2. "Neutral", in the above table, means that we either don't have a
firm opinion or that we think risk and reward are roughly in balance with respect to the timeframe in question.
3. Long-term views are determined almost completely by fundamentals,
intermediate-term views by
fundamentals, sentiment and technicals, and short-term views by sentiment and
technicals.
The Fed strikes again
The Federal Reserve, the central planning
agency responsible for manipulating US money supply and interest rates, issued
its latest strategy statement last Wednesday. There were no surprises, but the
following excerpt is worth highlighting:
"If the outlook for the labor market does not improve substantially, the
Committee will continue its purchases of agency mortgage-backed securities,
undertake additional asset purchases, and employ its other policy tools as
appropriate until such improvement is achieved in a context of price stability."
The Fed is rowing in the wrong direction, because by purchasing assets with
money created out of nothing it is placing obstacles in the way of a genuine
recovery. This means that the harder it rows, the less likely the economy will
get to the point where it is making strong real (sustainable) progress. Be that
as it may, by repeating the above sentence the Fed has re-confirmed that it will
row even harder if it doesn't perceive a return to strength.
Whereas last week's FOMC statement was almost an exact copy of the preceding
one, there's a good chance that the next statement, which will be published on
12th December, will contain some significant changes. This is because the Fed's
"Operation Twist" (selling short-dated Treasury securities and using the
proceeds to purchase long-dated securities) is scheduled to conclude at the end
of this year and probably can't be extended due to a lack of short-dated
securities. That is, one string of the Fed's 'policy accommodation bow' will
soon be no more. The question is: will the Fed find a new string to replace the
one that can no longer be used? The answer is: probably, but we should know for
sure on 12th December.
Monetary Inflation Update
Here are short notes on what's happening to
monetary inflation rates in the euro-zone and Australia.

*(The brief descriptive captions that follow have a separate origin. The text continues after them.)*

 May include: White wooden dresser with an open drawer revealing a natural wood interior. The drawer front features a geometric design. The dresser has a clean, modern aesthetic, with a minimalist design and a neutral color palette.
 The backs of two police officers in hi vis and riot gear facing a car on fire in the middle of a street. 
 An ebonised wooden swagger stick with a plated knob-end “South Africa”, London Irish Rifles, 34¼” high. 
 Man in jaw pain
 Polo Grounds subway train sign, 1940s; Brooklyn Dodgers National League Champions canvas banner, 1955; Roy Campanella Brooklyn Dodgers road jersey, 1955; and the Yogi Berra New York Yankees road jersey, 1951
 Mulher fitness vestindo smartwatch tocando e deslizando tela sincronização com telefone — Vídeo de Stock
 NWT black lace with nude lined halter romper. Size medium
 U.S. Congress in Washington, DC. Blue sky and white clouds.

The year-over-year (YOY) rate of growth in euro True Money Supply (TMS) moved a
little higher in September, building on its upward trend. The probability of the
euro-zone experiencing genuine deflation was never high, but it is now low and
getting lower by the month. At the same time, the probability of a new European
investment bubble is rising. The German property market is a candidate for the
next bubble.

The large swings in Australia's YOY TMS growth rate evident on the following
chart are mostly due to changes in the rate at which the commercial banks make
new loans. Unlike the central bank in the US, the Reserve Bank of Australia
hasn't done much in the way of direct money creation. It doesn't need to do
anything yet, because the activities of the commercial banks are keeping the
money supply growing at 5%-8%.
Australia had a very high monetary inflation rate during 2006-2008 and is
undoubtedly still feeling the effects of this inflation (it takes a few years
for the full effects of a money-supply surge to ripple through the economy).

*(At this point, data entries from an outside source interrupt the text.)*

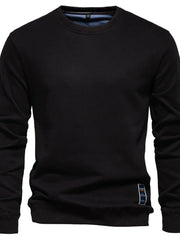 Black crewneck sweatshirt with subtle patch detail on hem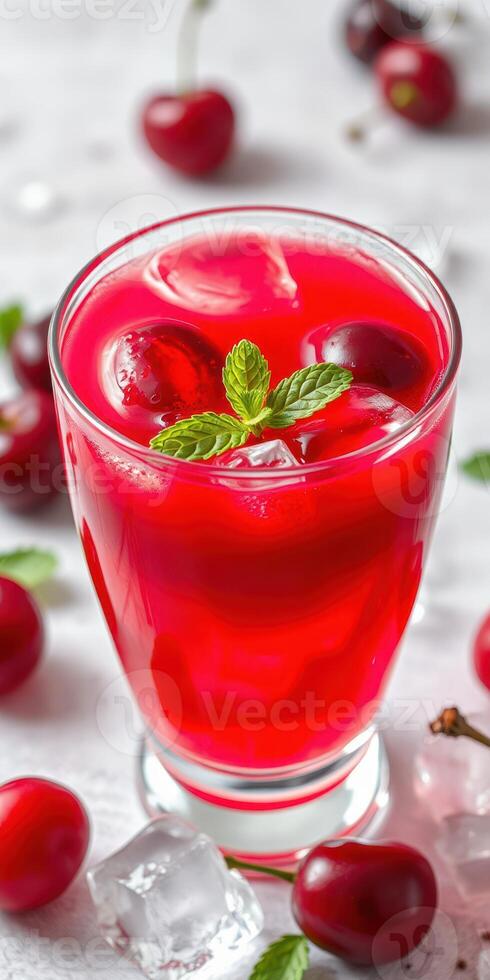 Refreshing cherry drink served in a glass with ice and mint garnish during a warm day photo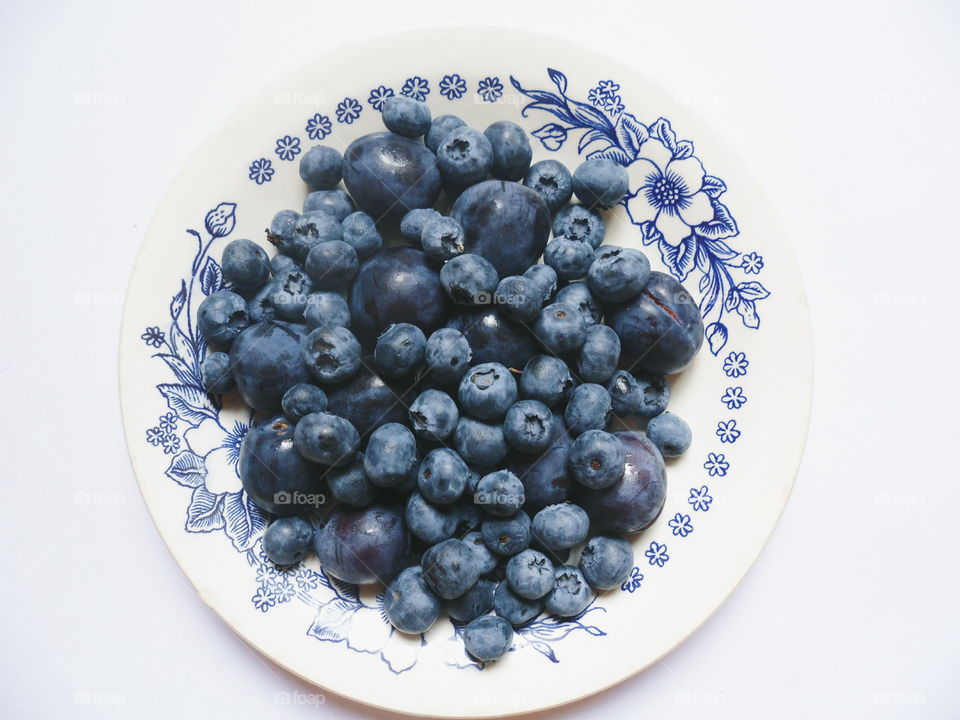 Berries of blueberries and plums on a white plate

Adding more money at the rate of 5%-8% per year is only going to worsen the
inflation problem.
The Stock
Market
Apple and the Miners
The first of the following daily charts shows the performance of Apple (AAPL)
over the past two years. The second chart shows the performance of the
Diversified Metals and Mining Index (SPTMN) over the same period. An inverse
relationship is evident, in that while AAPL has made a sequence of rising tops
SPTMN has made a sequence of declining tops. To put it another way, over the
past 18 months stock market participants have increasingly favoured AAPL at the
expense of the mining sector.


Is a reversal in the works, with investor interest beginning to shift away from
AAPL and towards the mining sector?
It's too soon to tell. It's possible, for example, that the mining sector has
led to the downside and that tech favourites such as AAPL are about to join the
long-term decline. The possibility that we favour is that diversified mining
stocks will rally into early next year within the context of a long-term
downward trend, regardless of what happens to AAPL. (Note: The gold mining
sector is fundamentally very different from, and must therefore be analysed
separately from, the diversified mining sector).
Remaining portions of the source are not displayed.